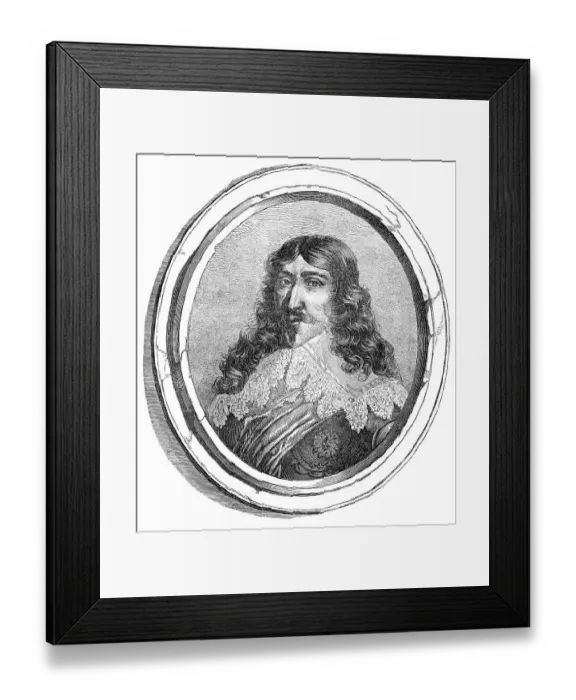 Framed Print : Louis XIII, 1601 - 1643, King of France Framed Print : Louis XIII, 1601 - 1643, King of France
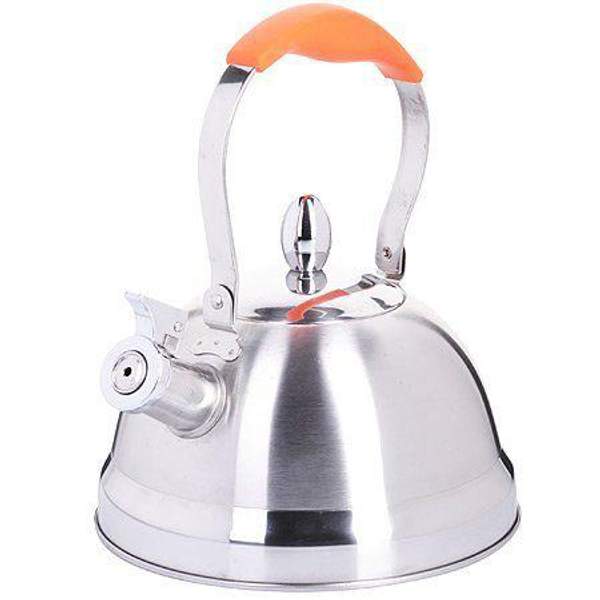 Чайник 2,3 л со свистком нержавеющая сталь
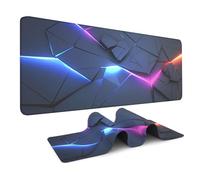Japanese Art Style Extra Large Mouse Mat Design Available XXL Keyboard Pad 900x400mm Anti Fray Stitching Smooth Gliding Surface For Optical Mouse PC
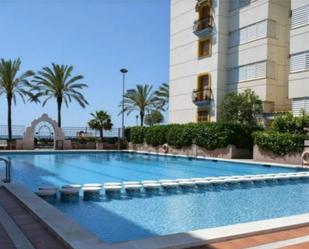 Swimming pool of Flat for sale in Calafell  with Air Conditioner, Terrace and Swimming Pool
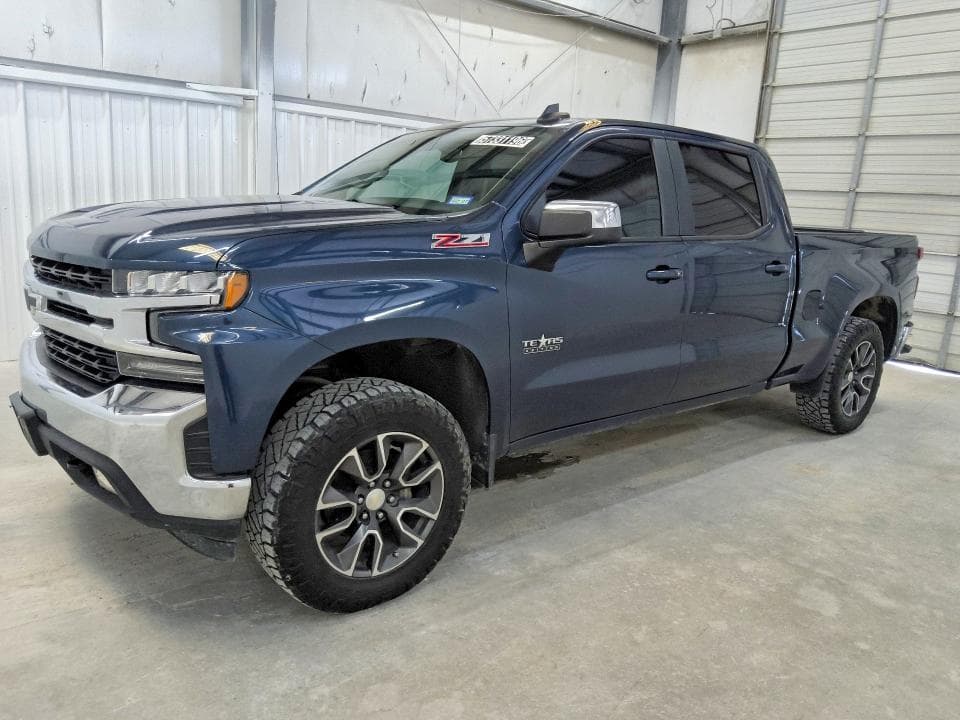 2021 CHEVROLET SILVERADO K1500 LT - 1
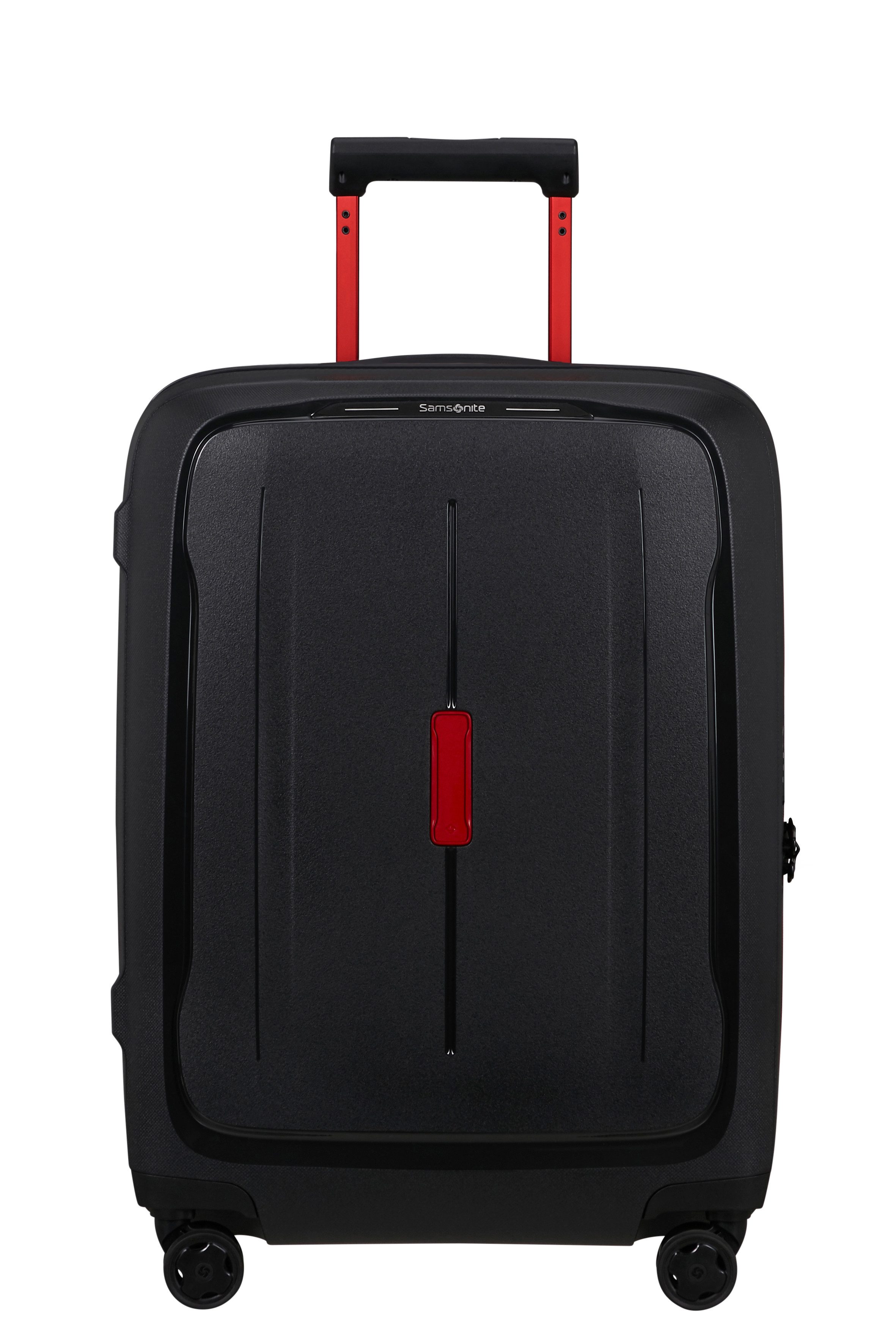 Samsonite Hartschalen-Trolley ESSENS ZIP, 4 Rollen, aus Polypropylen, mit Volumenerweiterung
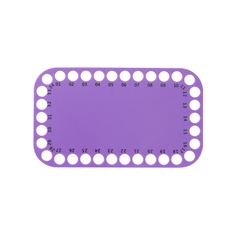 Bảng mica móc chỉ tranh thêu chữ thập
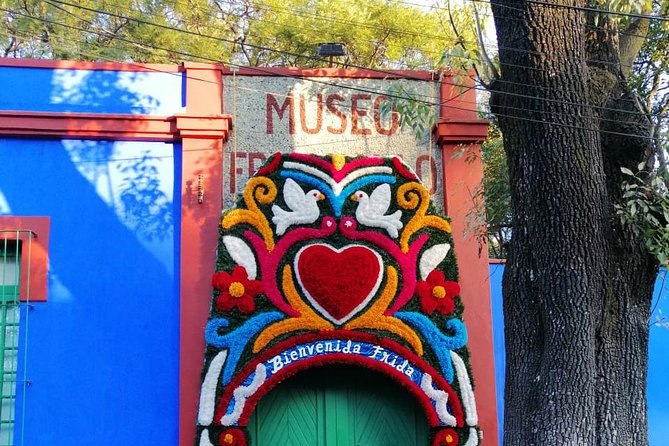 Private Tour: Xochimilco, Coyoacan and Frida Kahlo Museum in Mexico City - Olympic Stadium Pause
◇ ◇ ◇ ◇
Your task is an exact transcription of all the data, minus the pictures.

#### [Exercise answer]
 Framed Print : Louis XIII, 1601 - 1643, King of France Framed Print : Louis XIII, 1601 - 1643, King of France
 Чайник 2,3 л со свистком нержавеющая сталь
Japanese Art Style Extra Large Mouse Mat Design Available XXL Keyboard Pad 900x400mm Anti Fray Stitching Smooth Gliding Surface For Optical Mouse PC
 Swimming pool of Flat for sale in Calafell  with Air Conditioner, Terrace and Swimming Pool
 2021 CHEVROLET SILVERADO K1500 LT - 1
 Samsonite Hartschalen-Trolley ESSENS ZIP, 4 Rollen, aus Polypropylen, mit Volumenerweiterung
 Bảng mica móc chỉ tranh thêu chữ thập
 Private Tour: Xochimilco, Coyoacan and Frida Kahlo Museum in Mexico City - Olympic Stadium Pause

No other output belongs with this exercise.